Oef..., zucht deze lezer.
Nee,
De Voecht kiest niet het gemakkelijkste spoor om zijn verhaal te vertellen. En
dat verdient toch zeker waardering.
De
titel van de roman zinspeelt subtiel op het onontkoombare. Waar een
nachtvlinder (tijdelijk) vrolijk fladdert en de lichtheid van het bestaan
viert, is de ‘slachtvlinder’ als een gekneusd insect dat alleen bestaat om het
vege lijf te redden. Altijd hetzelfde,
altijd opnieuw. Alsof hij vast zit in een boek.
Het
zou een grimmig sprookje kunnen zijn als je bij de door De Voecht gegenereerde
beelden en stemmingen niet steeds aan de onwereld moet denken die ons vanuit
bijvoorbeeld Syrië door het tv journaal wordt voorgeschoteld.
Het
enige echte vlindertje uit de vertelling is een doodziek schepsel, het meisje
Ellis, dat aan een fatale ziekte lijdt.
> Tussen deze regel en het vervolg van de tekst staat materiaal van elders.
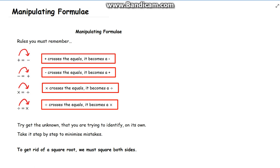This is a video on manipulating formulas. There are some basic rules to remember when manipulating formulas — the same as when solving linear equations. You must remember that when a plus crosses the equals it becomes a minus, minus becomes a plus, multiply becomes a divide, and divide becomes a multiply.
De (meervoudige) hoofdpersoon bezoekt
haar nu en dan in het ziekenhuis, een oase van rust en reinheid in een overigens
duistere poel. Hoewel, dat kan ook schijn zijn, zoals veel in deze roman.
Met
dit eerste boek geeft Peter De Voecht zijn visitekaartje af. Hoewel er een en
ander af te dingen valt op met name het procedé-achtige dat niet voldoende is
weggewerkt (te veel herhaling, omkering en gebrek aan ‘lucht’), is Slachtvlinders een dappere en
talentvolle poging om anders te
schrijven.
Wie
de werkelijkheid zoekt, vindt haar niet. Het kan heel mooi zijn om iets
vergeefs te zoeken.
Slachtvlinders, Peter
De Voecht, uitgeverij In de Knipscheer, Haarlem, 2015, ISBN 978-90-6265-871-8
(Erick Kila)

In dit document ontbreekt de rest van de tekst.